--- Data for this exercise Enclosed Below ---

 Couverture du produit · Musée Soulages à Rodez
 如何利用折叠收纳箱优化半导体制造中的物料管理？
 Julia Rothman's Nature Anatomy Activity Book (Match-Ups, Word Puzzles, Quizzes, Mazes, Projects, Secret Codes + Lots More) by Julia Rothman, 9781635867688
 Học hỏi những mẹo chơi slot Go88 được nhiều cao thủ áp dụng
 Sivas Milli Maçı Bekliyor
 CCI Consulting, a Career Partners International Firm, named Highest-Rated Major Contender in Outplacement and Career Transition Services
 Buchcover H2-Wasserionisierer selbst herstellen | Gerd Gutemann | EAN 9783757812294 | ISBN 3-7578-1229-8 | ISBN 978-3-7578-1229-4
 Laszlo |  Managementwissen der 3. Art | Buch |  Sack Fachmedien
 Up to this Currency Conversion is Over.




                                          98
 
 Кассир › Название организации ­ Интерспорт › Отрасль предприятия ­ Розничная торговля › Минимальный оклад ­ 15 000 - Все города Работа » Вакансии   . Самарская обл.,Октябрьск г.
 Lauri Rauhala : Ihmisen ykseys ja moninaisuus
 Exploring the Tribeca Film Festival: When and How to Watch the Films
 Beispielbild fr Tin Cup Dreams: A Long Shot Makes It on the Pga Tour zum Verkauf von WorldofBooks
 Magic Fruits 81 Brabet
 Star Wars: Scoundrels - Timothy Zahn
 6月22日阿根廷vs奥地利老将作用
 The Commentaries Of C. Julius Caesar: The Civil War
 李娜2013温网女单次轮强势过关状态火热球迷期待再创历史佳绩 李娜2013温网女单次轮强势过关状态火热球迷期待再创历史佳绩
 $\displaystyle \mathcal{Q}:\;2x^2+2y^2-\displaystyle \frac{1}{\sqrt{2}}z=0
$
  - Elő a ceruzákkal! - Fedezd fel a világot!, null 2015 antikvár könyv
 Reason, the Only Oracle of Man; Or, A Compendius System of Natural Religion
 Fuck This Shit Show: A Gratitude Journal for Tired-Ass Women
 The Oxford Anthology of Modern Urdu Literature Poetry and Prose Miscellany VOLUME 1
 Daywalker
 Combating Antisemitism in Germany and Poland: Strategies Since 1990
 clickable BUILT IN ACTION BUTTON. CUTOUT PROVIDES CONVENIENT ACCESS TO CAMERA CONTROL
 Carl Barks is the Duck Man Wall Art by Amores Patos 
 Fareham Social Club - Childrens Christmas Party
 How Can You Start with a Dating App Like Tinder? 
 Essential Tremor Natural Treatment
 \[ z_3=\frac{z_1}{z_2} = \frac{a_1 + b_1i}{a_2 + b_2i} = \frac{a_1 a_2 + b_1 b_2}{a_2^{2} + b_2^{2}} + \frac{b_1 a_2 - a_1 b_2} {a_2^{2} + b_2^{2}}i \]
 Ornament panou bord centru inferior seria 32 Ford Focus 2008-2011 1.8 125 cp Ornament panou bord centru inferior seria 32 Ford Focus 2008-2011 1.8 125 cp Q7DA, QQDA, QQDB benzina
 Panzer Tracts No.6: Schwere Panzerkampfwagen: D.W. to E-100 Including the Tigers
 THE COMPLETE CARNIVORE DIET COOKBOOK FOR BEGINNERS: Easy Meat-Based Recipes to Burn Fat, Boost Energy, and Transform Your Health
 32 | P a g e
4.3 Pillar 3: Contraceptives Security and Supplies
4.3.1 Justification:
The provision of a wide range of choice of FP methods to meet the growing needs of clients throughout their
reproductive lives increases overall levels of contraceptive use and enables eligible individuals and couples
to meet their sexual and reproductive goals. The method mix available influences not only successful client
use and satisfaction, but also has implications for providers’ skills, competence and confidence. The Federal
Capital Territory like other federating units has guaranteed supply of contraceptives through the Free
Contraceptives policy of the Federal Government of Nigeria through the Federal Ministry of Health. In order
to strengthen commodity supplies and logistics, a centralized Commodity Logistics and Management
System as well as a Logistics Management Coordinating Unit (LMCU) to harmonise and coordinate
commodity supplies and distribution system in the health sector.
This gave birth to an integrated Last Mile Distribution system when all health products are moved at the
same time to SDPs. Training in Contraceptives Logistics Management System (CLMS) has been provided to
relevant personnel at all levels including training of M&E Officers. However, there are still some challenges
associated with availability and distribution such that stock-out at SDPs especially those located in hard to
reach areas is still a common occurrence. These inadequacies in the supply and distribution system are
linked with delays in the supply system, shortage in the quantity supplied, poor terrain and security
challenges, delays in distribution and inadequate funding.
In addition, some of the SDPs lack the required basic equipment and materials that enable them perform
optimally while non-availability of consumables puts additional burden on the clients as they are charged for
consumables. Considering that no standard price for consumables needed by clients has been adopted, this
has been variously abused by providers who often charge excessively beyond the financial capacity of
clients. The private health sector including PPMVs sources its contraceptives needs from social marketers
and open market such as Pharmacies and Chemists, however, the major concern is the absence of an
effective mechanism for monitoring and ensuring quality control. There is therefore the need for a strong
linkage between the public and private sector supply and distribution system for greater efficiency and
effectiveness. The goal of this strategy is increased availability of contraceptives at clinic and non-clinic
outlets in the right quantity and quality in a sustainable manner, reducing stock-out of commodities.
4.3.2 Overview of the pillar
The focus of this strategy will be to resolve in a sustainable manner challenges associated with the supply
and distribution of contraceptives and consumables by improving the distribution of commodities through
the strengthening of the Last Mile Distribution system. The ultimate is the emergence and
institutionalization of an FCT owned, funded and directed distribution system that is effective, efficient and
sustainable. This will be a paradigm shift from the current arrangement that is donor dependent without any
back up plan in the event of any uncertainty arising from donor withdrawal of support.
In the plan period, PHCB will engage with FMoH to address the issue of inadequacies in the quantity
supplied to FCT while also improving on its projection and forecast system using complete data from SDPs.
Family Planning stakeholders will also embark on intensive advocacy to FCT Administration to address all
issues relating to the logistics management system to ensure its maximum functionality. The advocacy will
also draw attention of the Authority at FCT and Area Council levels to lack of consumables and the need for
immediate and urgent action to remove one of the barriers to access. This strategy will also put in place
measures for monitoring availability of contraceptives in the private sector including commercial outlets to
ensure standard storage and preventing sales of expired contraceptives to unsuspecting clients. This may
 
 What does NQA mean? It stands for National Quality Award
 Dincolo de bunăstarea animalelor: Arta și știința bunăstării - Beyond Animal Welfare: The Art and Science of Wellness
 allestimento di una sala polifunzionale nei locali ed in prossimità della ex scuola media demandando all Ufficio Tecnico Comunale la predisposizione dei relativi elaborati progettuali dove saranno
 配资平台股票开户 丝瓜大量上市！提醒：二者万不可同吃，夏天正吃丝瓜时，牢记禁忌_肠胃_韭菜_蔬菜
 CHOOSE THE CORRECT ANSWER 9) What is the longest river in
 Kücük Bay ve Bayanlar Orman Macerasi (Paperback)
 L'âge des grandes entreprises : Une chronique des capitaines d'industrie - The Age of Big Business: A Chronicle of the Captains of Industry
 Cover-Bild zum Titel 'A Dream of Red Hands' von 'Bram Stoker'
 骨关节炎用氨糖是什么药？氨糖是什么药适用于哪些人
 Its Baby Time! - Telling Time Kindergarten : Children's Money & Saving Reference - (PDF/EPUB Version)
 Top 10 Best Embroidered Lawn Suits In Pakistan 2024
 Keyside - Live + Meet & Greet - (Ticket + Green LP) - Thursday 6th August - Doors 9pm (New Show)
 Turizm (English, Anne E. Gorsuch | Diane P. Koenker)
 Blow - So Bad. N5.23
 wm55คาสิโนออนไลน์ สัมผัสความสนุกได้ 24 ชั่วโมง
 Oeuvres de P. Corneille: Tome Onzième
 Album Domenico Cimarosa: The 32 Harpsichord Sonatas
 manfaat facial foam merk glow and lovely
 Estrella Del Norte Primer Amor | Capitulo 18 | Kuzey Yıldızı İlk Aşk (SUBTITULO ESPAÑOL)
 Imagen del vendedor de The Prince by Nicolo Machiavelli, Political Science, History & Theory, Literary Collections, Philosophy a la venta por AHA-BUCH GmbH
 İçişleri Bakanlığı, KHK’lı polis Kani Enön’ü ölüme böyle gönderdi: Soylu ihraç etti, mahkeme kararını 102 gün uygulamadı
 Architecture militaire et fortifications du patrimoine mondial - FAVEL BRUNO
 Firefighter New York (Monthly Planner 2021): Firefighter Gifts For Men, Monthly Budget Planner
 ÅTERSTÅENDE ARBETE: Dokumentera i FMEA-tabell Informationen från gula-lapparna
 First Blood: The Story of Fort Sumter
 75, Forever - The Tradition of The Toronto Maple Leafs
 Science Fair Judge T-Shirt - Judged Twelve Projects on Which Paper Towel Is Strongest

--- End of Enclosed Data for this exercise ---

Would you print exactly, and only, the lines of the data above from the line with "immediate and urgent" through the line with "Album Domenico Cimarosa: The", inclusive?

immediate and urgent action to remove one of the barriers to access. This strategy will also put in place
measures for monitoring availability of contraceptives in the private sector including commercial outlets to
ensure standard storage and preventing sales of expired contraceptives to unsuspecting clients. This may
 
 What does NQA mean? It stands for National Quality Award
 Dincolo de bunăstarea animalelor: Arta și știința bunăstării - Beyond Animal Welfare: The Art and Science of Wellness
 allestimento di una sala polifunzionale nei locali ed in prossimità della ex scuola media demandando all Ufficio Tecnico Comunale la predisposizione dei relativi elaborati progettuali dove saranno
 配资平台股票开户 丝瓜大量上市！提醒：二者万不可同吃，夏天正吃丝瓜时，牢记禁忌_肠胃_韭菜_蔬菜
 CHOOSE THE CORRECT ANSWER 9) What is the longest river in
 Kücük Bay ve Bayanlar Orman Macerasi (Paperback)
 L'âge des grandes entreprises : Une chronique des capitaines d'industrie - The Age of Big Business: A Chronicle of the Captains of Industry
 Cover-Bild zum Titel 'A Dream of Red Hands' von 'Bram Stoker'
 骨关节炎用氨糖是什么药？氨糖是什么药适用于哪些人
 Its Baby Time! - Telling Time Kindergarten : Children's Money & Saving Reference - (PDF/EPUB Version)
 Top 10 Best Embroidered Lawn Suits In Pakistan 2024
 Keyside - Live + Meet & Greet - (Ticket + Green LP) - Thursday 6th August - Doors 9pm (New Show)
 Turizm (English, Anne E. Gorsuch | Diane P. Koenker)
 Blow - So Bad. N5.23
 wm55คาสิโนออนไลน์ สัมผัสความสนุกได้ 24 ชั่วโมง
 Oeuvres de P. Corneille: Tome Onzième
 Album Domenico Cimarosa: The 32 Harpsichord Sonatas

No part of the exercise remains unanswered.